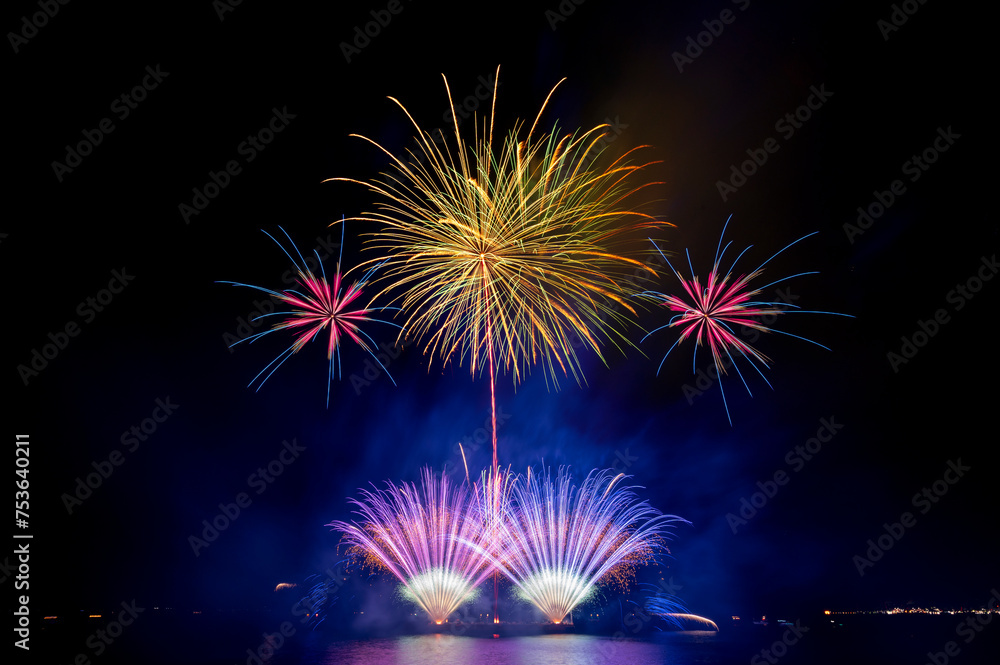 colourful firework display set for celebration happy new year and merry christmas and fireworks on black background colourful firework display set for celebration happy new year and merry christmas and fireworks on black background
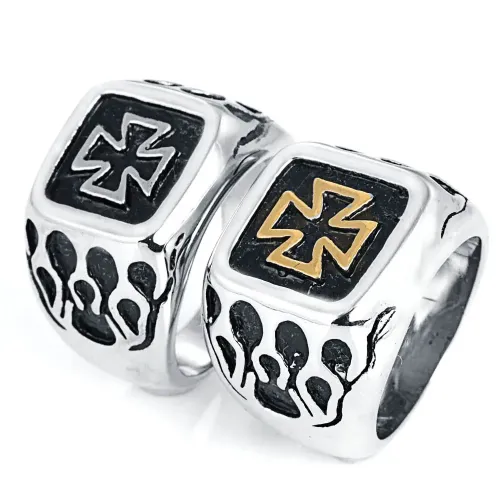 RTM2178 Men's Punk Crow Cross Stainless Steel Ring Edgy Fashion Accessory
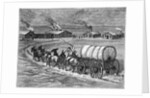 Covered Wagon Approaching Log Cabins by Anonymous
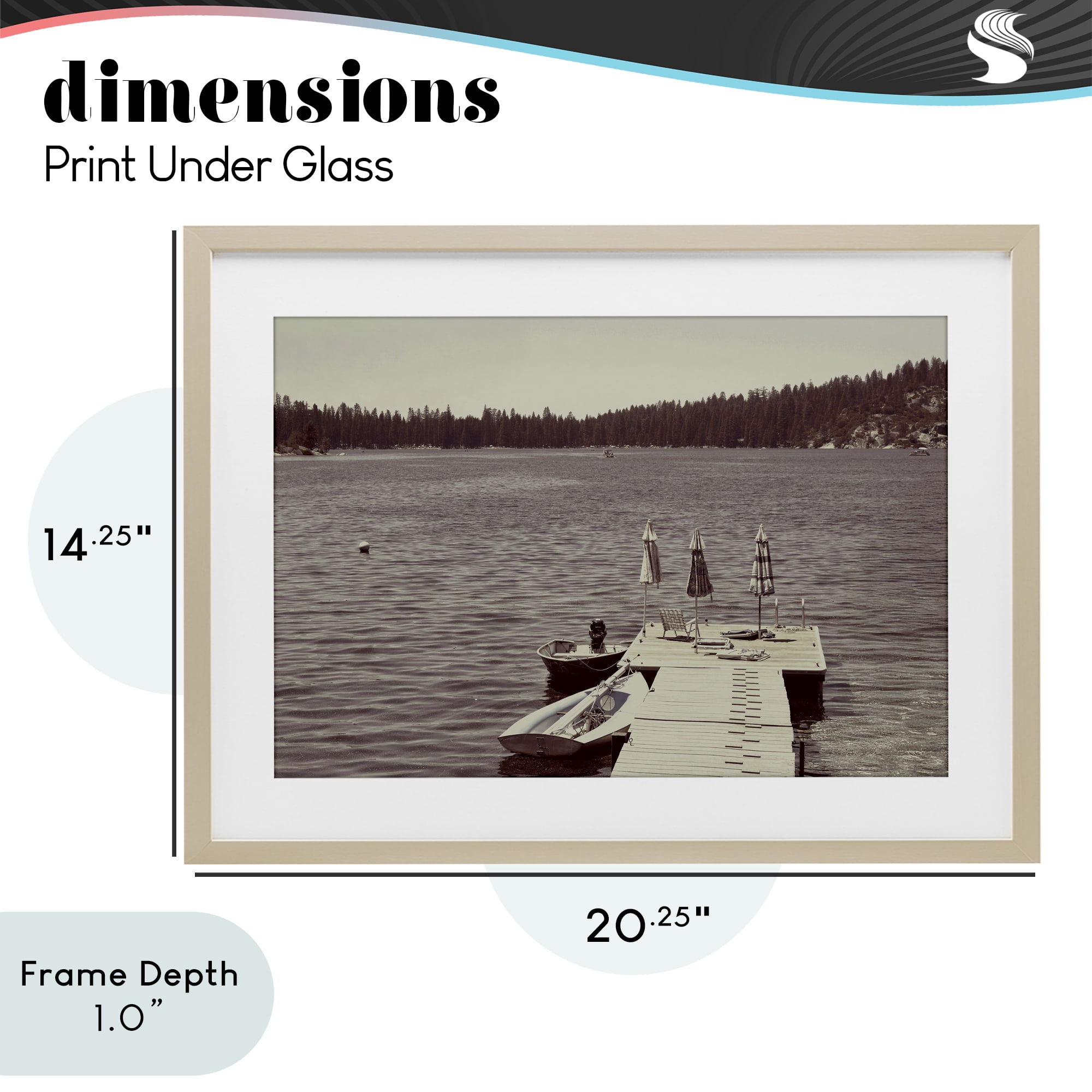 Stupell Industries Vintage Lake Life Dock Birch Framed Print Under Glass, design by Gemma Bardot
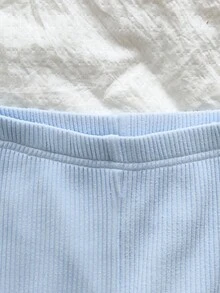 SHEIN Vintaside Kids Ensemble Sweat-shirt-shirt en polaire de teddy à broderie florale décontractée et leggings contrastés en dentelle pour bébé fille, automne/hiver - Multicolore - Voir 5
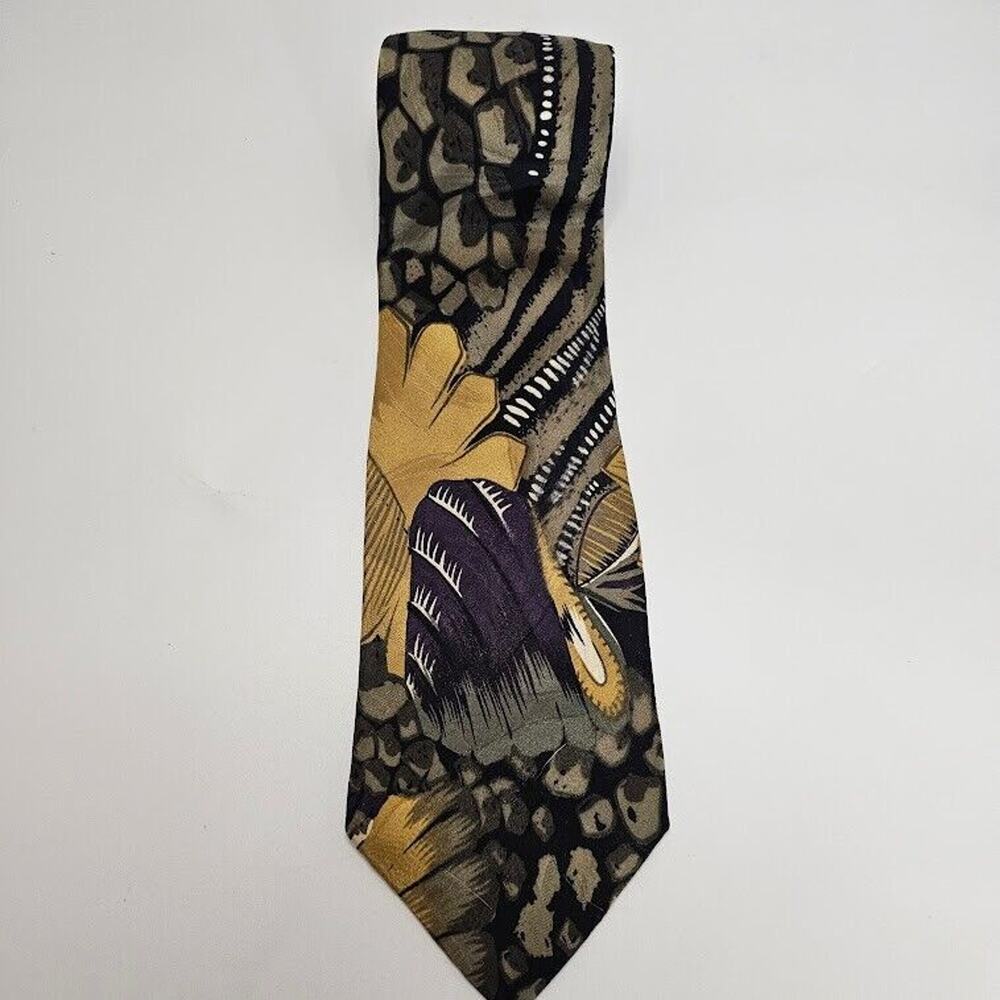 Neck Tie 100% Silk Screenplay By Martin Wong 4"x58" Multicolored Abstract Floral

Activity: Pictures are to be left out; otherwise, copy exactly each line from the one containing "Stupell Industries Vintage" through the last line of the listing.

Expected answer:
 Stupell Industries Vintage Lake Life Dock Birch Framed Print Under Glass, design by Gemma Bardot
 SHEIN Vintaside Kids Ensemble Sweat-shirt-shirt en polaire de teddy à broderie florale décontractée et leggings contrastés en dentelle pour bébé fille, automne/hiver - Multicolore - Voir 5
 Neck Tie 100% Silk Screenplay By Martin Wong 4"x58" Multicolored Abstract Floral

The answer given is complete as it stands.